The Open University course Jason was referring to was 'M206 Computing An
Object Orientated Approach', I know because I took the course myself in
2000 and it was very good. The only book I know of regarding this course
on Amazon is Eric Tatham's 'Smalltalk bytes book'
http://www.amazon.co.uk/Smalltalk-Bytes-Book-Tatham/dp/0954451406/ref=sr_1_1?s=books&ie=UTF8&qid=1290856929&sr=1-1 
which is a tutorial reference and something I still find useful to refer
to. It is basically written in a glossary format so anything you need is
easy to find.

Best wishes

Barry Freshwater

-------- Original Message --------
Subject: Re: [vwnc] Suggestions -- Language & IDE for Junior High Club?
Date: Sat, 27 Nov 2010 09:34:12 -0000
From: Ayers, Jason <[hidden email]>
To: <[hidden email]>, <[hidden email]>

Gary,

I would suggest WebVelocity.
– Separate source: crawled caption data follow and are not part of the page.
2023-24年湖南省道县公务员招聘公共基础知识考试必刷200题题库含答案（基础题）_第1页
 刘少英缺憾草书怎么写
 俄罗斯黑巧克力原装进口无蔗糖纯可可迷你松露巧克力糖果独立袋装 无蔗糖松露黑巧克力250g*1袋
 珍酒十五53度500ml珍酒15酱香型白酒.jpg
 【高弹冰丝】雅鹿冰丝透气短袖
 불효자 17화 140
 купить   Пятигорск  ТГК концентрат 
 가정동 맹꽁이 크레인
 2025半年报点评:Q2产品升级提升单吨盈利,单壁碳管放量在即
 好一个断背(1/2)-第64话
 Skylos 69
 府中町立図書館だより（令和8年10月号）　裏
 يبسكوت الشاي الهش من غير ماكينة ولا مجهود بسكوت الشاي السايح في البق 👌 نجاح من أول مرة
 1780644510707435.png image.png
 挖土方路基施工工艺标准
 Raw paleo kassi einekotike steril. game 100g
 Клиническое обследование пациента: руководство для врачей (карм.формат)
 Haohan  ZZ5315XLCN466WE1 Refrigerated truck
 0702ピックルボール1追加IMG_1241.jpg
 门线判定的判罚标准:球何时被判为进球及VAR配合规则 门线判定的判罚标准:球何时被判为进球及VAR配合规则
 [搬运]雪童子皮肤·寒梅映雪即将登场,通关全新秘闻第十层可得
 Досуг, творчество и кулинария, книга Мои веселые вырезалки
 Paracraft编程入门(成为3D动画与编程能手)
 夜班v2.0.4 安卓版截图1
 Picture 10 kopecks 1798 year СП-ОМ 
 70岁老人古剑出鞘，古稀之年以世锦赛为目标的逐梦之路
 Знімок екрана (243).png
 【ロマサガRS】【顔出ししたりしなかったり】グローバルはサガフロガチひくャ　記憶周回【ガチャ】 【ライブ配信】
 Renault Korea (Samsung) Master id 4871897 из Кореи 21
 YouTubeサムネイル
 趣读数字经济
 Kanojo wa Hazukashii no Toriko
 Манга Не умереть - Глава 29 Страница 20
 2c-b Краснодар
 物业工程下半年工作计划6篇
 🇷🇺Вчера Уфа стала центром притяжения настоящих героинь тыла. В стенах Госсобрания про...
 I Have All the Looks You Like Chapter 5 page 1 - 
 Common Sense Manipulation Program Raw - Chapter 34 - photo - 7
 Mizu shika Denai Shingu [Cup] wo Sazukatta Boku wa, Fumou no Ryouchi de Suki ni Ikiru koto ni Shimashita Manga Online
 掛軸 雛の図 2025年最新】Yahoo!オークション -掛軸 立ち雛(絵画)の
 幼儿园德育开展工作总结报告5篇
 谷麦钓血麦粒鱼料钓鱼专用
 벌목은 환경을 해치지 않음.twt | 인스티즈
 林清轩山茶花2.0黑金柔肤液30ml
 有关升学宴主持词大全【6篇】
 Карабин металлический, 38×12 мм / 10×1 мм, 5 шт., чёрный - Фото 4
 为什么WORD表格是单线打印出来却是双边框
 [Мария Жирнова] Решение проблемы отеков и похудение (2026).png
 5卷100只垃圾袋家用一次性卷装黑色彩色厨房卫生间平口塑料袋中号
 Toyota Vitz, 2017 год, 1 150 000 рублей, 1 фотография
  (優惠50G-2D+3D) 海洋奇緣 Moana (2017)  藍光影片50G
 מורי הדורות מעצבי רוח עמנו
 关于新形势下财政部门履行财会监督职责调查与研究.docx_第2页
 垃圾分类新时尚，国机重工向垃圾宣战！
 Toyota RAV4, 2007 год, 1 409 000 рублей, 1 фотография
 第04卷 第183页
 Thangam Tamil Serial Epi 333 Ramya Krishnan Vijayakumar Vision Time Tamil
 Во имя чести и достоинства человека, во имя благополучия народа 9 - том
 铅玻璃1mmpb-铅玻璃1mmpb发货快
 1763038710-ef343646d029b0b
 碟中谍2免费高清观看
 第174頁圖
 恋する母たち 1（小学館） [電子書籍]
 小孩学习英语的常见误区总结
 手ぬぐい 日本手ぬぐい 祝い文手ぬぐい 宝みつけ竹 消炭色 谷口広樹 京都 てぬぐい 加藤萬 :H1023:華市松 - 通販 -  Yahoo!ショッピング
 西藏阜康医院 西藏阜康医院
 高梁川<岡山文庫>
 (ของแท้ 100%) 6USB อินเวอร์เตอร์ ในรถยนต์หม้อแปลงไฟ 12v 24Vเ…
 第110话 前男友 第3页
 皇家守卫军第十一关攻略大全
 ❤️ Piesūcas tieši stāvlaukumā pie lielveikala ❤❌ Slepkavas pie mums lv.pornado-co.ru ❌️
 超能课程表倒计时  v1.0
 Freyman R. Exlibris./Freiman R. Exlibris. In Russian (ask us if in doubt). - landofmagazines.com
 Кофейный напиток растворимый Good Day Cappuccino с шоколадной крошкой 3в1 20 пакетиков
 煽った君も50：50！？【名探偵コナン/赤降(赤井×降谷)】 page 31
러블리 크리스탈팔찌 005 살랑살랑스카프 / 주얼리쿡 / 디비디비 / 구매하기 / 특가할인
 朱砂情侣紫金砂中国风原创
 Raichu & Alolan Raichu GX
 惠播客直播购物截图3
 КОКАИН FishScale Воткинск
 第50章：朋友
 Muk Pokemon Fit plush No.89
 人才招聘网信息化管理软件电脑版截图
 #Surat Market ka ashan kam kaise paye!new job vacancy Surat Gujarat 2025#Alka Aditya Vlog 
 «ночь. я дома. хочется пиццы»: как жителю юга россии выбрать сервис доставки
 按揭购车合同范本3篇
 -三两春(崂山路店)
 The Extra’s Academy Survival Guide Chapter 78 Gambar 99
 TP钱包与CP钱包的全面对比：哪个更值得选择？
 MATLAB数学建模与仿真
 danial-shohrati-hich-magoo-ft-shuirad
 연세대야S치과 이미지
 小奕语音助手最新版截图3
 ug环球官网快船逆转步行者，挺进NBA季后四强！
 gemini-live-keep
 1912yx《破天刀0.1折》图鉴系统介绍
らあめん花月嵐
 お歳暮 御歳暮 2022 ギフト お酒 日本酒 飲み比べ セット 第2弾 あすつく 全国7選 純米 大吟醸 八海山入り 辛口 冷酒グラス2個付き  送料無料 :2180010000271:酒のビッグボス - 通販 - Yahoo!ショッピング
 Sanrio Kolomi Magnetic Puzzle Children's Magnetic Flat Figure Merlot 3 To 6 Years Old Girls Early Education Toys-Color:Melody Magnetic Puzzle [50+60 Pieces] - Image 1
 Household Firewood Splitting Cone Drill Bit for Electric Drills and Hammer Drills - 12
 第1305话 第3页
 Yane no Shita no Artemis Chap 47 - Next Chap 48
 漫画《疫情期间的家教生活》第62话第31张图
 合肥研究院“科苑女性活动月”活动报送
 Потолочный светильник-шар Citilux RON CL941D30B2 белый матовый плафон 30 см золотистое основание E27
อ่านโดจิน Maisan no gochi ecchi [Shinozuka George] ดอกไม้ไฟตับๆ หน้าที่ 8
We use it in workshops with people that
have no Smalltalk experience and they write a sudoku solver in an hour.
For me it is the most simple to use yet modern Smalltalk environment out
there today. The most accessible might but a good way to put it. Also
you just need firefox or chrome on the client machine to access it.
Clean browser interface.
I should say that I have no experience of Etoys which might do the job
for you.
Also regardless of the environment you choose take a look at the book
written about the UK's Open University course that introduced
programming to newbie's using Smalltalk. The course was highly rated at
the time. I am sorry I can't remember it's title but Amazon sells it.

Jason


----- Original Message -----
From: [hidden email] <[hidden email]>
To: [hidden email] <[hidden email]>
Sent: Sat Nov 27 05:26:03 2010
Subject: [vwnc] Suggestions -- Language & IDE for Junior High Club?

Hi Group,

We do a little junior high math club each year (about ages 12-14).

Always had it in my mind to introduce them to a little programming to
"see" the mathematics. Goal will be just to do a few small modest
modeling efforts; ie maybe physics 1D motion, friction, etc.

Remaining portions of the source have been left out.